**EXERCISE BRIEF**
Start at the first record below and retype through the last, exactly.

**EXTRACTED INFORMATION**
-- Opening Marker --

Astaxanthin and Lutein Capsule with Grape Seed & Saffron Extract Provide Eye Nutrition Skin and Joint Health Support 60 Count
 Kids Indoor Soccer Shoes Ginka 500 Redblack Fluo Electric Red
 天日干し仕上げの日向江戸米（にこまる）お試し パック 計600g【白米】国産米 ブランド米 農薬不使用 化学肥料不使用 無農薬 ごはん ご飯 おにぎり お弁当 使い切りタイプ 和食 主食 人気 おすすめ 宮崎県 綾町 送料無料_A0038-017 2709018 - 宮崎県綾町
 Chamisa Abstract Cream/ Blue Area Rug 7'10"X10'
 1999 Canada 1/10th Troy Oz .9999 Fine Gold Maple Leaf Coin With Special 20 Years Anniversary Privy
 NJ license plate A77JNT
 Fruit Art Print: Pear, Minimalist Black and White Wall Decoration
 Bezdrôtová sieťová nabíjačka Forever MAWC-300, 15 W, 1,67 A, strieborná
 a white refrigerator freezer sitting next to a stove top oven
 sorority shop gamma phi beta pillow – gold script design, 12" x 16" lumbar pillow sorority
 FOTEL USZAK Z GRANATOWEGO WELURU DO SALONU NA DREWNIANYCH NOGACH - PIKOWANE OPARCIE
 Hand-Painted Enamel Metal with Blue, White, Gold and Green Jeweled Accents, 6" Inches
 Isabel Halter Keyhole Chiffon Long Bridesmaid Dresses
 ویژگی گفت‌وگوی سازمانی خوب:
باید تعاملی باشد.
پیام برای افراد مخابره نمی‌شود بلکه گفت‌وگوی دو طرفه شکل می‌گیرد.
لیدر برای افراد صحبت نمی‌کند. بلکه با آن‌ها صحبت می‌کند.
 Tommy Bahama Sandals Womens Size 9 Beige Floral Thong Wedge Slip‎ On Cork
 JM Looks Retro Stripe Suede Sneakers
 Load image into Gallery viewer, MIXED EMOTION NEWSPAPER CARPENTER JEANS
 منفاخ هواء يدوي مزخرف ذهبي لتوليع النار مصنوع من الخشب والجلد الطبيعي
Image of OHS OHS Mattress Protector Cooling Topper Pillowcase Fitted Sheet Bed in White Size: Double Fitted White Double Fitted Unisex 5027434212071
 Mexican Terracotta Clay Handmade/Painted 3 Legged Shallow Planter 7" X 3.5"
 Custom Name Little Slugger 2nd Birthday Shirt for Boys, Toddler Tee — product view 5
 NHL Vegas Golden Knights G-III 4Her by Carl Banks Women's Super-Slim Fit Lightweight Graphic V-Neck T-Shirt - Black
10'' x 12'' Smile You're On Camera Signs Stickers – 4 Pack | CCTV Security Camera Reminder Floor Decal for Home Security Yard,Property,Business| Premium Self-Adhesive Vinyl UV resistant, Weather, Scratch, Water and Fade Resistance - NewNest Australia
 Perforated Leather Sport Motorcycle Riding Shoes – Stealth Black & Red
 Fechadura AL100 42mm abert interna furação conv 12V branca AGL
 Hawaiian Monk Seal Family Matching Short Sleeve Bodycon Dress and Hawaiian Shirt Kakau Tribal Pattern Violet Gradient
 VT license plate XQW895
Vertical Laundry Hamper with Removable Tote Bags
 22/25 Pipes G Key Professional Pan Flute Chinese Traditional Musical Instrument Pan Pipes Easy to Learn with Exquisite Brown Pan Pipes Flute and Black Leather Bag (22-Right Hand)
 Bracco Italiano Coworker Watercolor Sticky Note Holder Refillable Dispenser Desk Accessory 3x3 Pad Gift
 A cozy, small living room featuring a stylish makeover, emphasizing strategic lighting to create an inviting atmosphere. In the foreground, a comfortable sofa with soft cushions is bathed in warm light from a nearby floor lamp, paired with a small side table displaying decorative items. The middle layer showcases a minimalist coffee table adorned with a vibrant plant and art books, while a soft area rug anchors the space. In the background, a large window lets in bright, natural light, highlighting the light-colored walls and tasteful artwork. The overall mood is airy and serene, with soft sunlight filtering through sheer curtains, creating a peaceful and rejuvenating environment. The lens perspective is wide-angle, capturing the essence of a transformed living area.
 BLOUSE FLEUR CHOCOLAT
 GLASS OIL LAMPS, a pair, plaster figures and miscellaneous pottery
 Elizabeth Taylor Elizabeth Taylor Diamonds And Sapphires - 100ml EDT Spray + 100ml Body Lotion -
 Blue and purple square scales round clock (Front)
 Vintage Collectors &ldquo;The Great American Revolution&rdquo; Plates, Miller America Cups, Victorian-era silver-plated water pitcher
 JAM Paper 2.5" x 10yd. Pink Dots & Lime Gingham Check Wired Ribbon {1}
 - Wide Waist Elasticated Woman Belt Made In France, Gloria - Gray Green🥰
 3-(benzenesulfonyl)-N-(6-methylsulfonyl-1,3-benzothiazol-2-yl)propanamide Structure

-- Closing Marker --

**SOLUTION FOR THIS TASK**
Astaxanthin and Lutein Capsule with Grape Seed & Saffron Extract Provide Eye Nutrition Skin and Joint Health Support 60 Count
 Kids Indoor Soccer Shoes Ginka 500 Redblack Fluo Electric Red
 天日干し仕上げの日向江戸米（にこまる）お試し パック 計600g【白米】国産米 ブランド米 農薬不使用 化学肥料不使用 無農薬 ごはん ご飯 おにぎり お弁当 使い切りタイプ 和食 主食 人気 おすすめ 宮崎県 綾町 送料無料_A0038-017 2709018 - 宮崎県綾町
 Chamisa Abstract Cream/ Blue Area Rug 7'10"X10'
 1999 Canada 1/10th Troy Oz .9999 Fine Gold Maple Leaf Coin With Special 20 Years Anniversary Privy
 NJ license plate A77JNT
 Fruit Art Print: Pear, Minimalist Black and White Wall Decoration
 Bezdrôtová sieťová nabíjačka Forever MAWC-300, 15 W, 1,67 A, strieborná
 a white refrigerator freezer sitting next to a stove top oven
 sorority shop gamma phi beta pillow – gold script design, 12" x 16" lumbar pillow sorority
 FOTEL USZAK Z GRANATOWEGO WELURU DO SALONU NA DREWNIANYCH NOGACH - PIKOWANE OPARCIE
 Hand-Painted Enamel Metal with Blue, White, Gold and Green Jeweled Accents, 6" Inches
 Isabel Halter Keyhole Chiffon Long Bridesmaid Dresses
 ویژگی گفت‌وگوی سازمانی خوب:
باید تعاملی باشد.
پیام برای افراد مخابره نمی‌شود بلکه گفت‌وگوی دو طرفه شکل می‌گیرد.
لیدر برای افراد صحبت نمی‌کند. بلکه با آن‌ها صحبت می‌کند.
 Tommy Bahama Sandals Womens Size 9 Beige Floral Thong Wedge Slip‎ On Cork
 JM Looks Retro Stripe Suede Sneakers
 Load image into Gallery viewer, MIXED EMOTION NEWSPAPER CARPENTER JEANS
 منفاخ هواء يدوي مزخرف ذهبي لتوليع النار مصنوع من الخشب والجلد الطبيعي
Image of OHS OHS Mattress Protector Cooling Topper Pillowcase Fitted Sheet Bed in White Size: Double Fitted White Double Fitted Unisex 5027434212071
 Mexican Terracotta Clay Handmade/Painted 3 Legged Shallow Planter 7" X 3.5"
 Custom Name Little Slugger 2nd Birthday Shirt for Boys, Toddler Tee — product view 5
 NHL Vegas Golden Knights G-III 4Her by Carl Banks Women's Super-Slim Fit Lightweight Graphic V-Neck T-Shirt - Black
10'' x 12'' Smile You're On Camera Signs Stickers – 4 Pack | CCTV Security Camera Reminder Floor Decal for Home Security Yard,Property,Business| Premium Self-Adhesive Vinyl UV resistant, Weather, Scratch, Water and Fade Resistance - NewNest Australia
 Perforated Leather Sport Motorcycle Riding Shoes – Stealth Black & Red
 Fechadura AL100 42mm abert interna furação conv 12V branca AGL
 Hawaiian Monk Seal Family Matching Short Sleeve Bodycon Dress and Hawaiian Shirt Kakau Tribal Pattern Violet Gradient
 VT license plate XQW895
Vertical Laundry Hamper with Removable Tote Bags
 22/25 Pipes G Key Professional Pan Flute Chinese Traditional Musical Instrument Pan Pipes Easy to Learn with Exquisite Brown Pan Pipes Flute and Black Leather Bag (22-Right Hand)
 Bracco Italiano Coworker Watercolor Sticky Note Holder Refillable Dispenser Desk Accessory 3x3 Pad Gift
 A cozy, small living room featuring a stylish makeover, emphasizing strategic lighting to create an inviting atmosphere. In the foreground, a comfortable sofa with soft cushions is bathed in warm light from a nearby floor lamp, paired with a small side table displaying decorative items. The middle layer showcases a minimalist coffee table adorned with a vibrant plant and art books, while a soft area rug anchors the space. In the background, a large window lets in bright, natural light, highlighting the light-colored walls and tasteful artwork. The overall mood is airy and serene, with soft sunlight filtering through sheer curtains, creating a peaceful and rejuvenating environment. The lens perspective is wide-angle, capturing the essence of a transformed living area.
 BLOUSE FLEUR CHOCOLAT
 GLASS OIL LAMPS, a pair, plaster figures and miscellaneous pottery
 Elizabeth Taylor Elizabeth Taylor Diamonds And Sapphires - 100ml EDT Spray + 100ml Body Lotion -
 Blue and purple square scales round clock (Front)
 Vintage Collectors &ldquo;The Great American Revolution&rdquo; Plates, Miller America Cups, Victorian-era silver-plated water pitcher
 JAM Paper 2.5" x 10yd. Pink Dots & Lime Gingham Check Wired Ribbon {1}
 - Wide Waist Elasticated Woman Belt Made In France, Gloria - Gray Green🥰
 3-(benzenesulfonyl)-N-(6-methylsulfonyl-1,3-benzothiazol-2-yl)propanamide Structure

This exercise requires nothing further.